» Your goal
Give the number of lines in these entries that contain "table", and nothing more.

» Records for the exercise
.....
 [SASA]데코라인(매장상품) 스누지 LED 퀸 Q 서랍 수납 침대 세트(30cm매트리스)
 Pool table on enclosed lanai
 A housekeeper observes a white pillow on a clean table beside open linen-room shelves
.....
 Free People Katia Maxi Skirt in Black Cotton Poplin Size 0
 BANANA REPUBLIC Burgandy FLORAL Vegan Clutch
.....
» Problem solution
2